Inflammation
Vaccines and Immunotherapies (VIT)
This pilot study aimed to determine if taking a probiotic in combination with antiretroviral therapy (ART) could help reduce inflammation and harmful immune activation in those who don’t respond completely to ART.
Probiotic products are live bacteria that may provide health benefits and are often referred to as “beneficial” bacteria. The specific probiotic used in this study, Visbiome, is approved by Health Canada as a Natural Health Product. However, its use in this research study was experimental.

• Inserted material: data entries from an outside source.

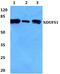 NADH:Ubiquinone Oxidoreductase Core Subunit S1 antibody, PA5-75538, Invitrogen Antibodies, Western Blot image 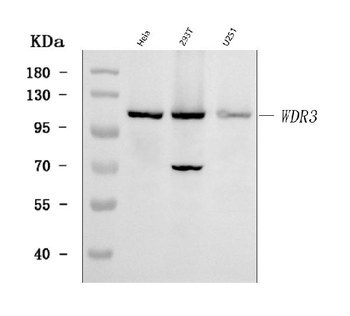 Anti-WDR3 Antibody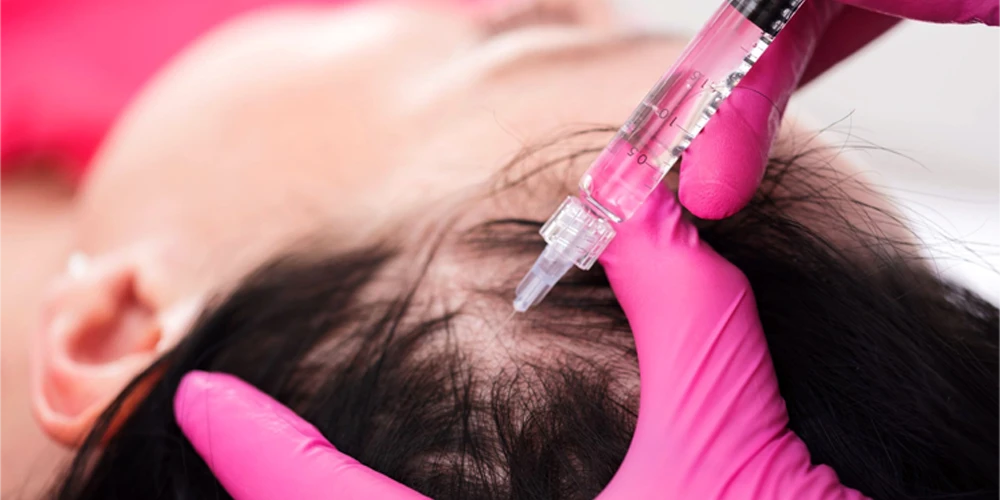 Hair Mesotherapy Sessions and Results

Approximately 25% of HIV-infected individuals who start taking ART have a sub-optimal response meaning that their immune system (CD4 count) doesn’t improve as expected, even though the virus is suppressed by their medications. These individuals are sometimes known as immune non-responders (INRs). These individuals are at increased risk of AIDS-related deaths and non-AIDS related health problems that may be associated with increased immune activation and leaking of bacteria from the gut into the bloodstream.
Consistent use of ART to manage HIV is known to extend life expectancy by many years. However, many people living with HIV have more inflammation and immune activation-related health conditions (like heart and brain diseases) compared with uninfected people, even after taking ART for a long period of time. This is a result of bacteria entering the bloodstream through a person’s gut lining, which has been damaged by HIV. Although ART has drastically improved HIV care, it can take years of continuous ART to repair HIV-related damage to the immune cells in the gut.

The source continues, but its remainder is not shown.